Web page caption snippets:
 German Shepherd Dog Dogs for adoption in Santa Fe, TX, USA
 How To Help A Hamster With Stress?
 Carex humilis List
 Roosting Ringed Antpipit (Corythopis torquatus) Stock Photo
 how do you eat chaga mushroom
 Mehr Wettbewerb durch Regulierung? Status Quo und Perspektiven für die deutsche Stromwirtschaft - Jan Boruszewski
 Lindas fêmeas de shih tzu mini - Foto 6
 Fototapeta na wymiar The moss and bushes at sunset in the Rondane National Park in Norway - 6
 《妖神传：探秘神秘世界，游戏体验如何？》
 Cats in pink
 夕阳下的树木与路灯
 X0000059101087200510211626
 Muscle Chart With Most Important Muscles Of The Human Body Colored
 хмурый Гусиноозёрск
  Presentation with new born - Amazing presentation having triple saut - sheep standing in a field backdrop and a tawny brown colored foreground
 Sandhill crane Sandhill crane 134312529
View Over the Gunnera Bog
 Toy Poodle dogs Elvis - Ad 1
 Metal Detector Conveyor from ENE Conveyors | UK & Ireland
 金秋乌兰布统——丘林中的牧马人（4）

> [Work to complete]:
Copy, exactly and with nothing added, the lines from the one containing "Toy Poodle dogs Elvis - Ad 1" through the end of the records.

> [Answer to this task]:
 Toy Poodle dogs Elvis - Ad 1
 Metal Detector Conveyor from ENE Conveyors | UK & Ireland
 金秋乌兰布统——丘林中的牧马人（4）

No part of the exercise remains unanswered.